Dès le début du ramadan, les chauffeurs à Mohéli ont entamé une grève pour protester contre les assureurs qu’ils accusent de s’enrichir sur leurs dos. Les taxis qui ramènent les produits vivriers vers Fomboni ne viennent plus. Conséquence, le marché de la capitale est vide ou presque. Viennent s’ajouter des fortes pluies qui se sont abattues sur toute l’île et qui ont endommagé les routes en plein assainissement de Fomboni. La pénurie des produits pétroliers vient couronner cette série des difficultés auxquelles la population doit faire face en ce mois de ramadan. Les poissons, fortement utilisés en ce mois sacré se font de plus en plus rares. Les produits carnés quant à eux, ont connu une légère hausse de prix. Le carton d’ailes de poulet s’achète désormais à 12.000 fc au lieu de 11.000 fc. « C’est de la bonne qualité », dira le vendeur.
Pour palier à ces pénuries de produits alimentaires en ce début du mois de ramadan, le projet AMIE avait, le jeudi, organisé dans ses locaux une foire où on devait en principe trouver tout et en quantité suffisante. Cependant vers midi déjà il n’y avait, presque plus rien. Il a fallu attendre jusqu’à ce samedi pour que la situation commence à s’améliorer petit à petit. Les chauffeurs ont repris leur travail dès le matin de ce samedi, car un compromis a été trouvé entre eux et les autorités insulaires, ce qui désamorce un peu la crise. « Nous avons jusqu'au 6ème jour après le mois de ramadan pour payer les vignettes avec un assureur que nous nous sommes bien entretenu et en qui nous avons confiance », explique Boina Mmadi un taximan de la ligne Fomboni-Hoani. Les produits vivriers commencent à arriver au grand marché mais pas comme avant l’ouverture des lignes maritimes Hoani-Chindini et Fomboni-Dodin.

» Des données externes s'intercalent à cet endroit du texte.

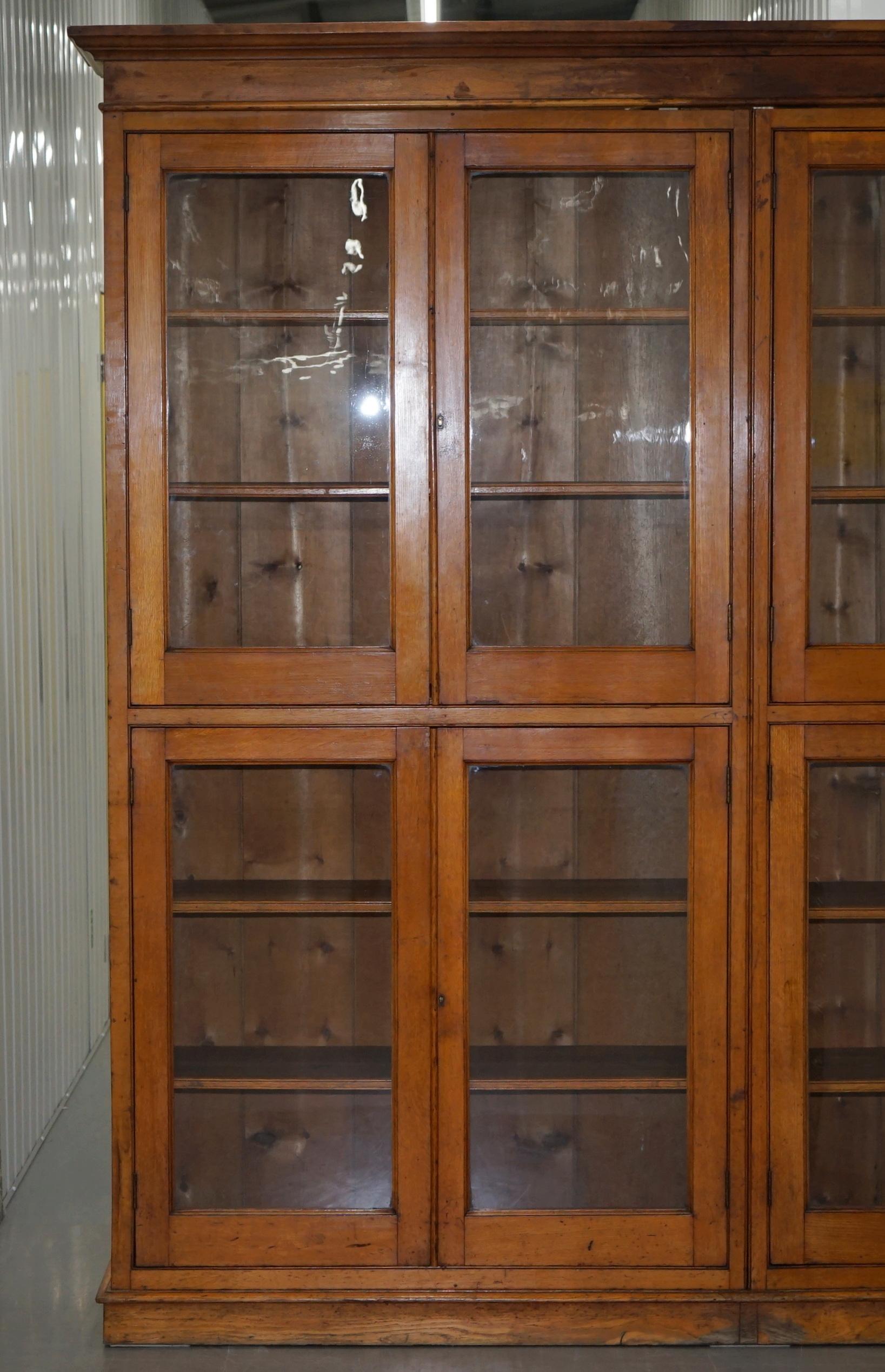 Viktorianisches Mahagoni & Eiche Bibliothek Bücherregal Schrank Verstellbare Regale Glastüren (Handgeschnitzt)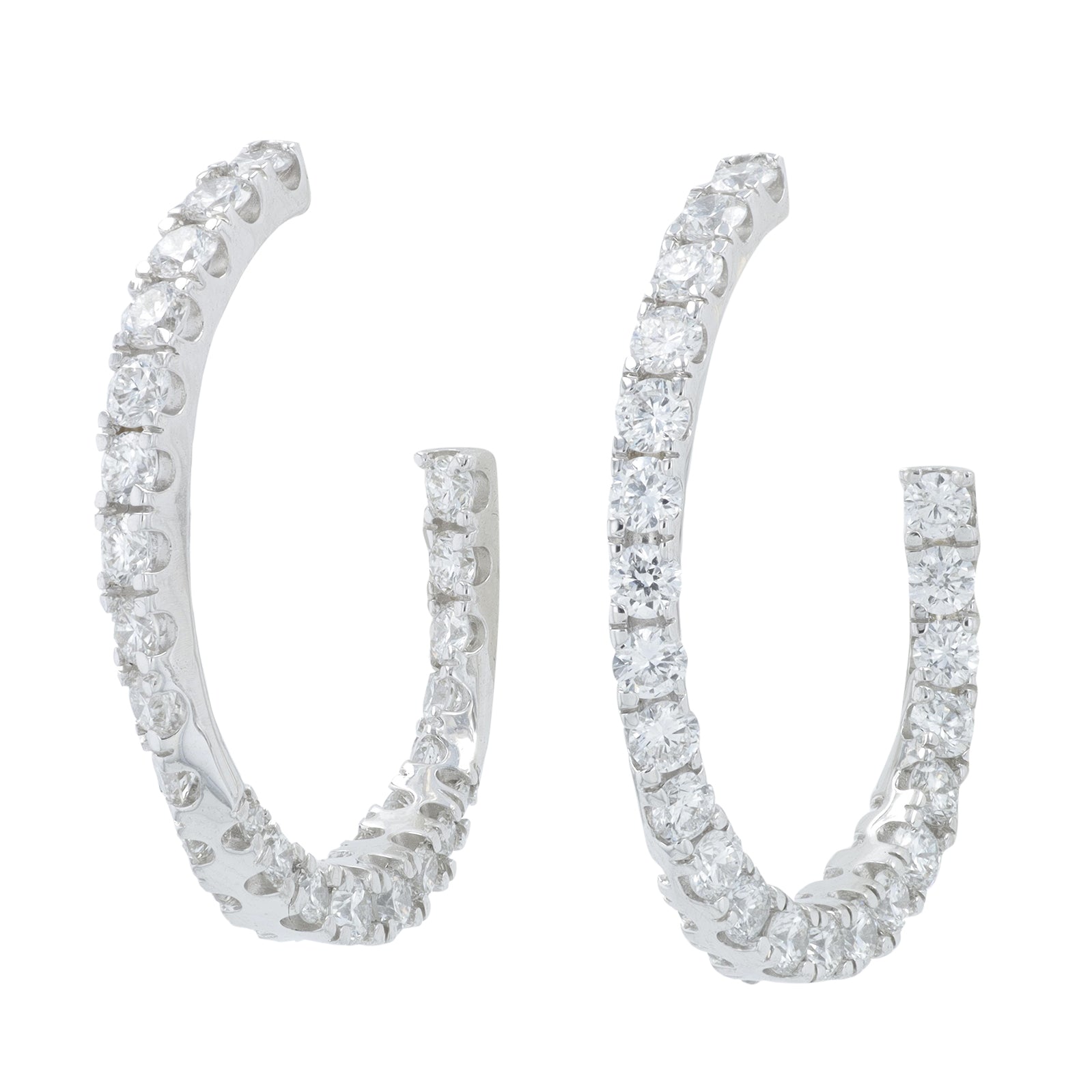 Lab Diamond Inside-Out C-Hoops in 14K Gold (1.50 ct. tw)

Le bateau transportant les produits pétroliers a accosté à Fomboni, le pétrole lampant et l’essence commencent dès ce samedi à être disponibles au compte-goutte. Un ouf de soulagement pour les consommateurs. La vie dans la capitale mohelienne reprend, en tout cas, son cours normal petit à petit. Il convient de souligner en plus que les mosquées sont rouvertes et la première prière de vendredi a été tenue avec des conditions de distanciation physique impossibles à respecter. Des mosquées qui sont régulièrement bondées en période de ramadan, respecter la distanciation était un exercice plus que délicat.